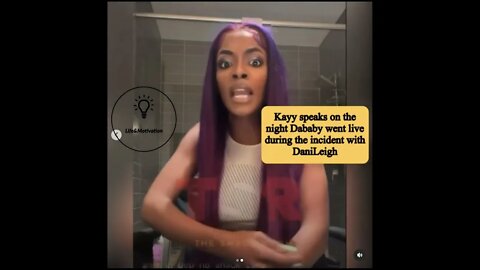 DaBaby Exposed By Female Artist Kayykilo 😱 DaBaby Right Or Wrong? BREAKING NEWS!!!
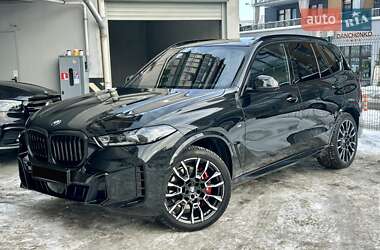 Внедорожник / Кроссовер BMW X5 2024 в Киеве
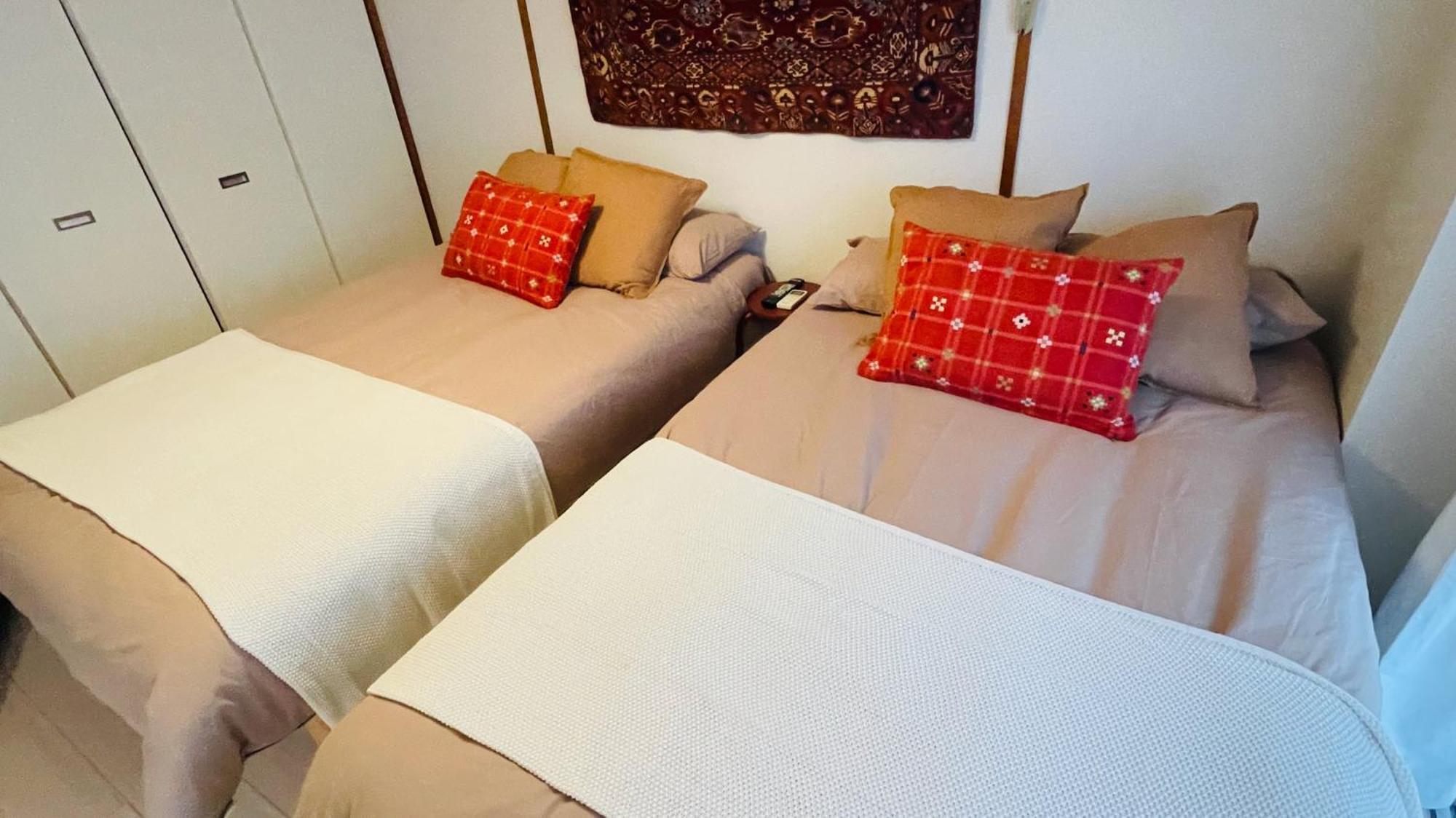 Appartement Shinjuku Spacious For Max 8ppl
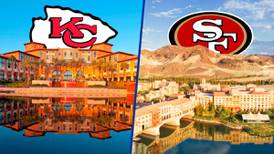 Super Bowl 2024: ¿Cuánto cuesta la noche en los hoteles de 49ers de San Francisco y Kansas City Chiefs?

What is expected: I would like the material above returned exactly as it stands, without its pictures.

Written solution:
 DaBaby Exposed By Female Artist Kayykilo 😱 DaBaby Right Or Wrong? BREAKING NEWS!!!
 Внедорожник / Кроссовер BMW X5 2024 в Киеве
 Appartement Shinjuku Spacious For Max 8ppl
 Super Bowl 2024: ¿Cuánto cuesta la noche en los hoteles de 49ers de San Francisco y Kansas City Chiefs?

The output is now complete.